• [REQUIRED WORK]
Beginning with the line that holds "Saint Laurent Grain", output every remaining line of the material below exactly, and include none of the pictures.

• [SOURCE MATERIAL]
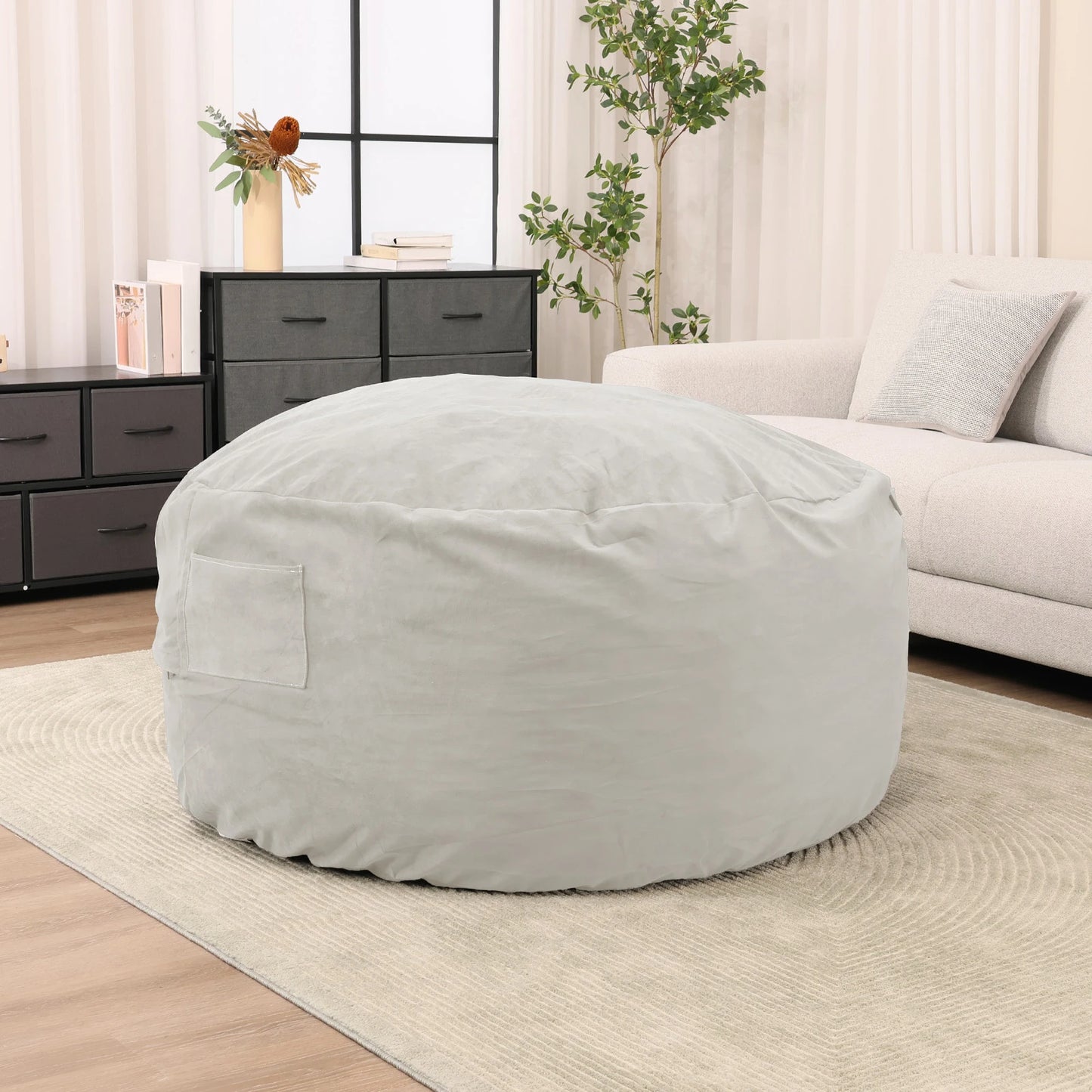 Oversized 3/4FT Bean Bag Chair Foam Filled with Removable Cover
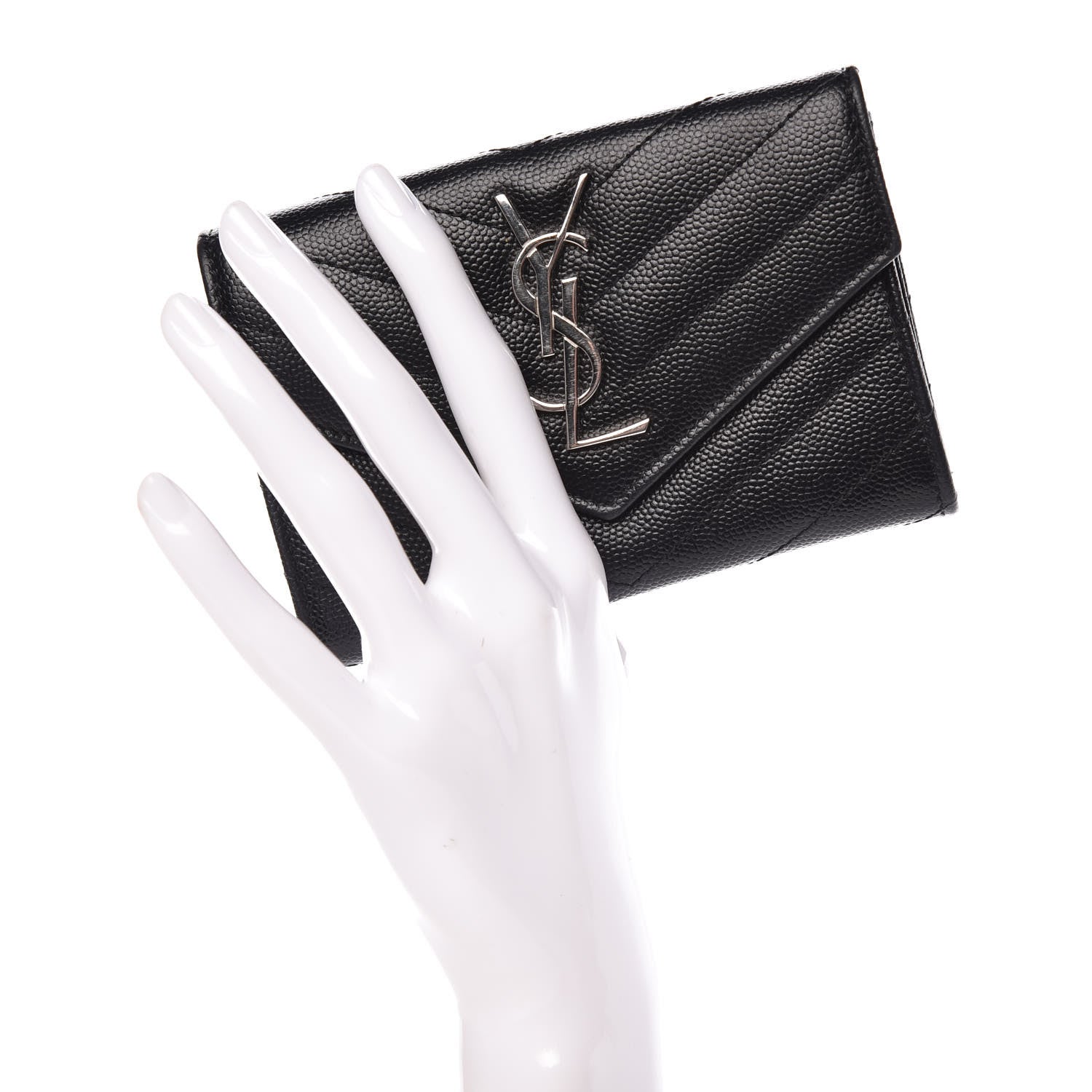 Saint Laurent Grain De Poudre Matelasse Chevron Small Monogram Envelope Wallet Black 2 of 16
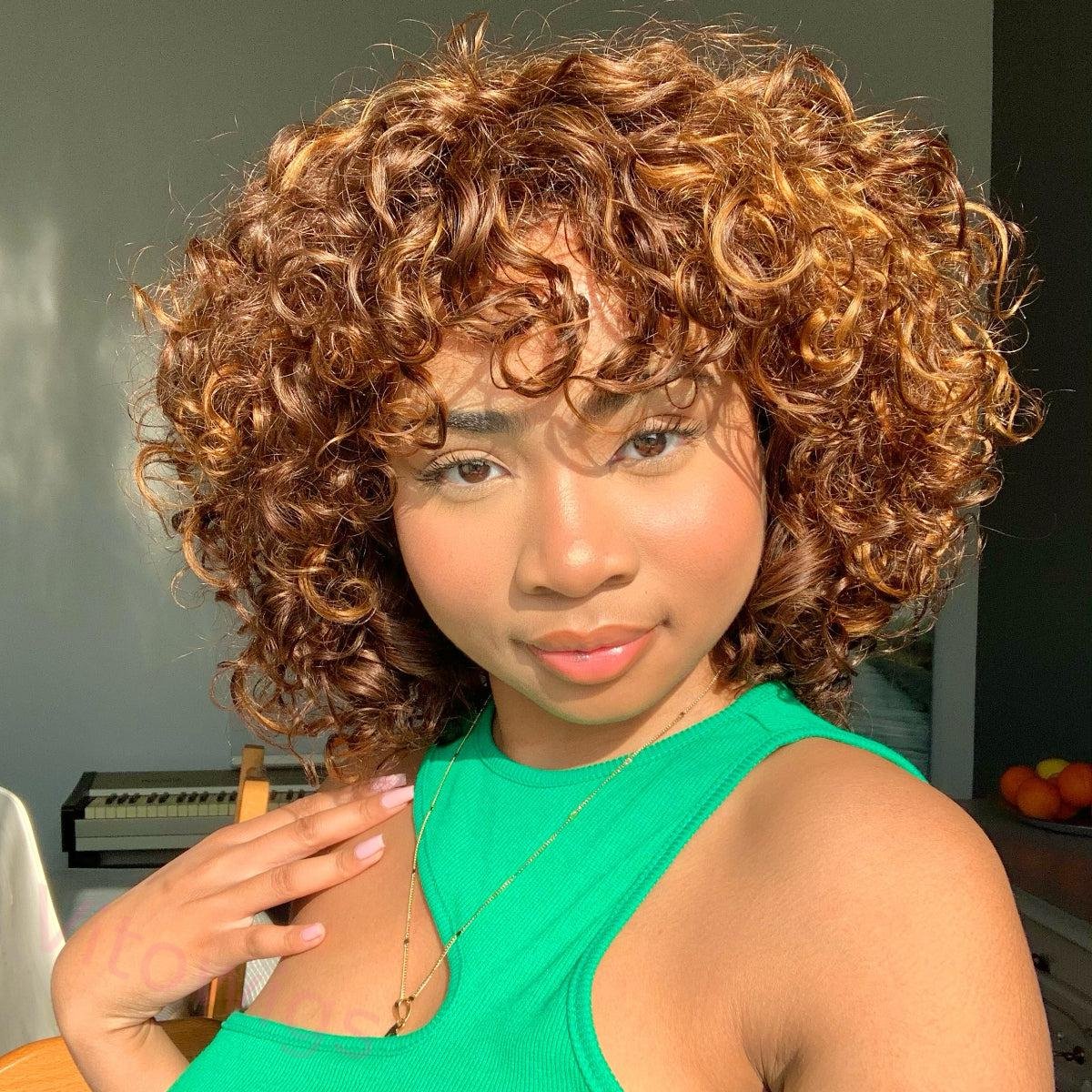 Short Bob Curly Hair Wave Wig With Bangs Black Color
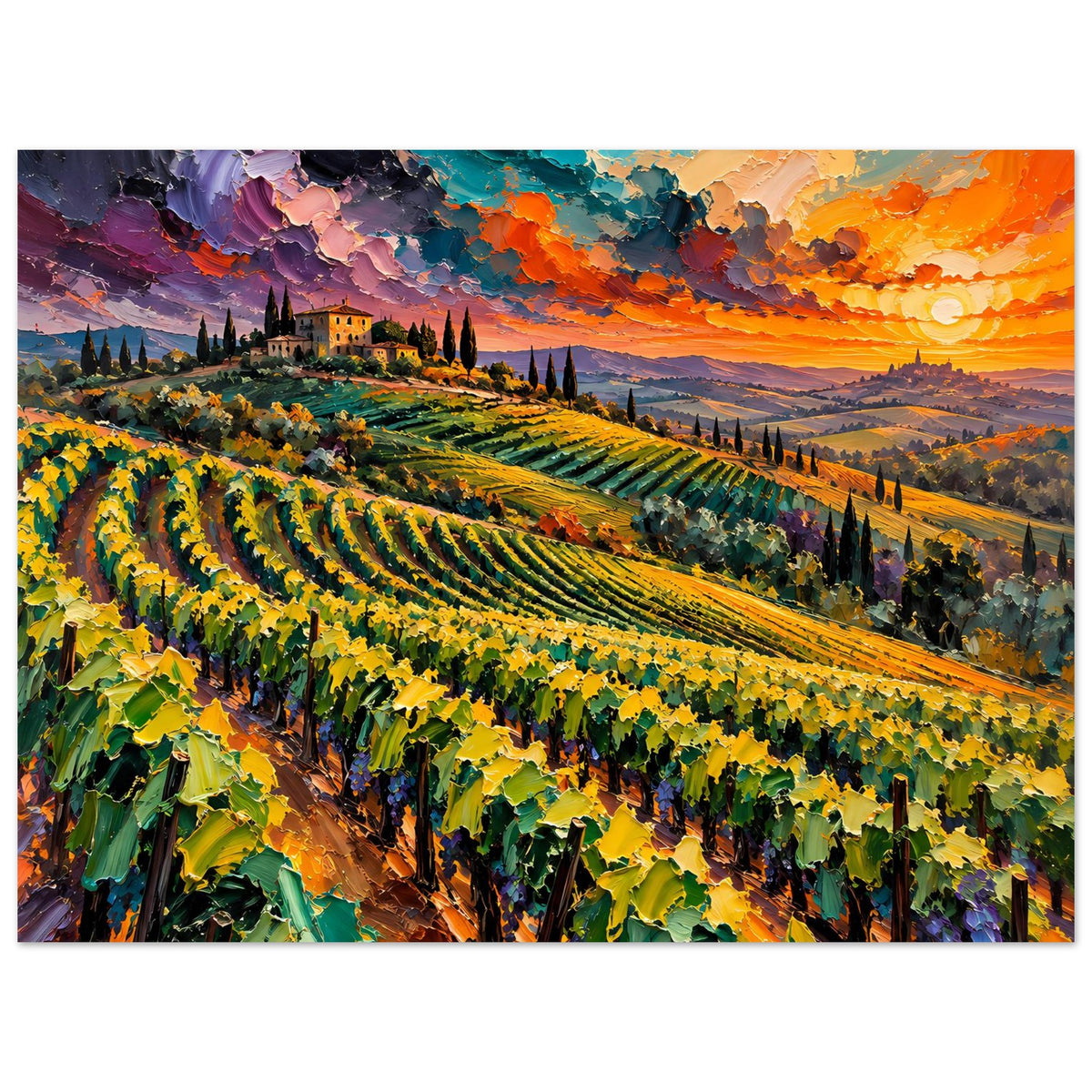 Landschaftsposter mit Rahmen: Weinberg bei Sonnenuntergang, orange-blauer Wolkenhimmel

• [ANSWER]
 Saint Laurent Grain De Poudre Matelasse Chevron Small Monogram Envelope Wallet Black 2 of 16
 Short Bob Curly Hair Wave Wig With Bangs Black Color
 Landschaftsposter mit Rahmen: Weinberg bei Sonnenuntergang, orange-blauer Wolkenhimmel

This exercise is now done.